Starting at the line that contains "Corner table 320x472", retype each line to the end of the listing below. Include both ends, but not the pictures.

=== Information supplied ===

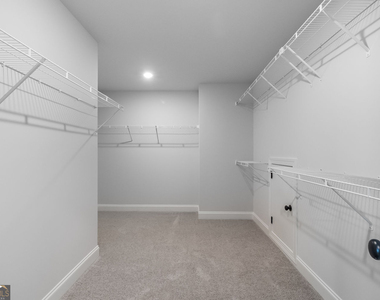 448 Banff Drive - Photo Thumbnail 15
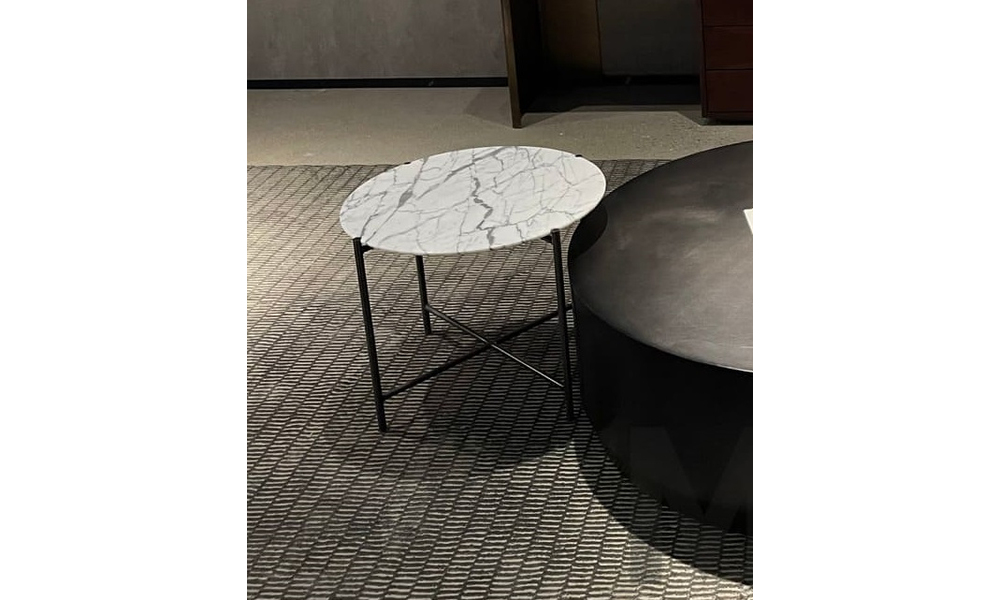 Corner table 320x472
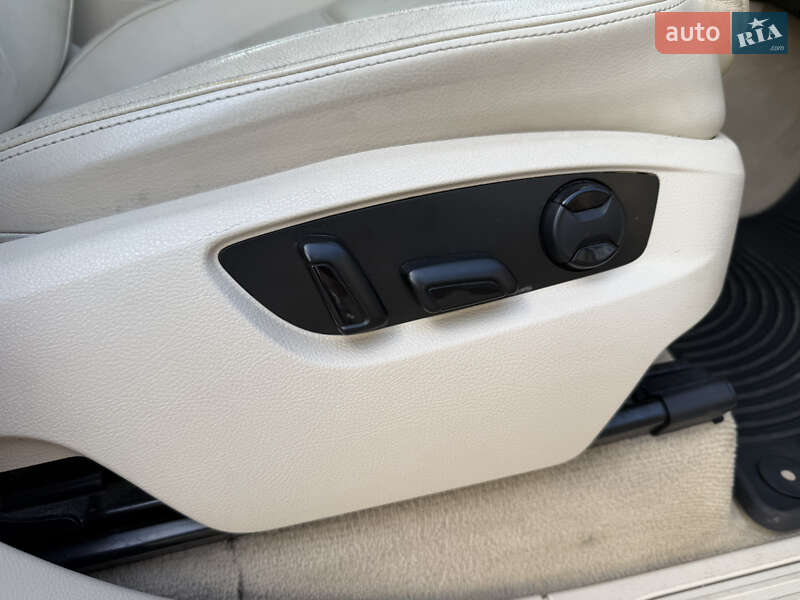 Позашляховик / Кросовер Volkswagen Touareg 2012 в Стрию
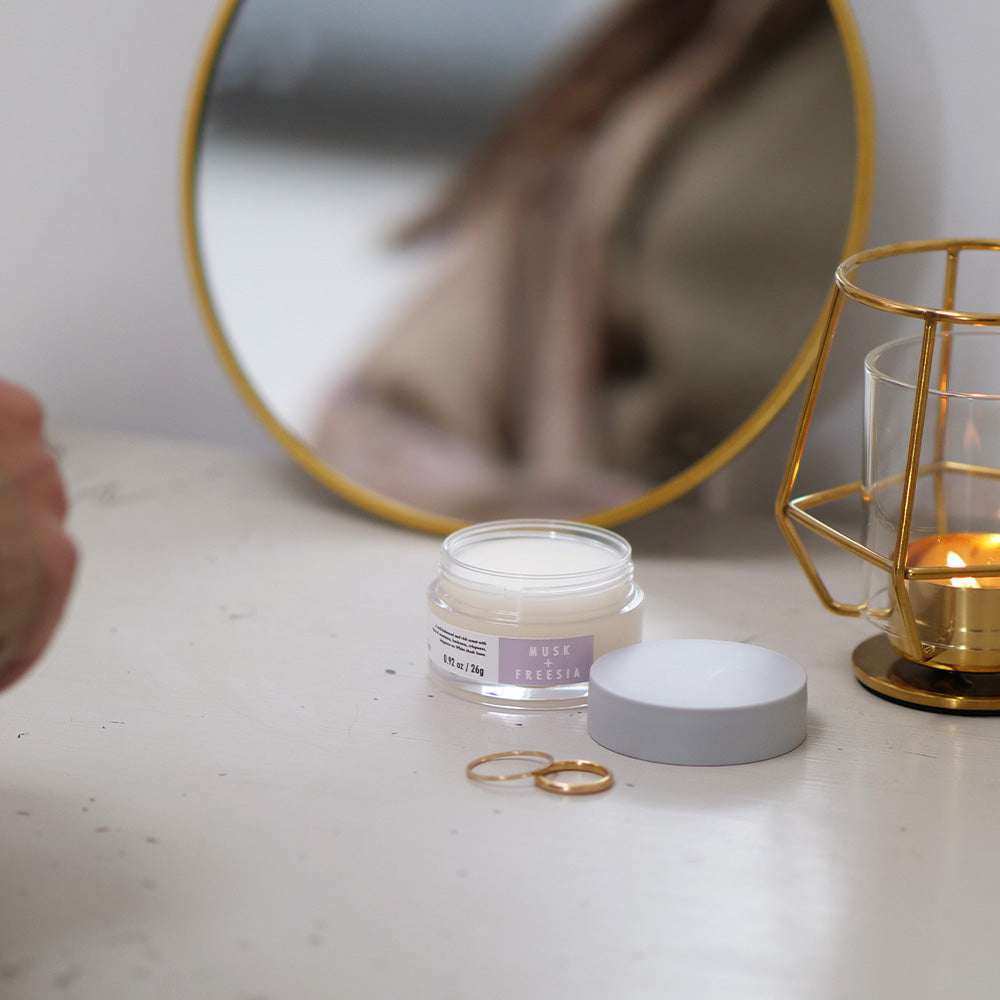 More Room 頭髮及肌膚護理香膏 (白麝香+小蒼蘭) 26g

===

Finished exercise:
 Corner table 320x472
 Позашляховик / Кросовер Volkswagen Touareg 2012 в Стрию
 More Room 頭髮及肌膚護理香膏 (白麝香+小蒼蘭) 26g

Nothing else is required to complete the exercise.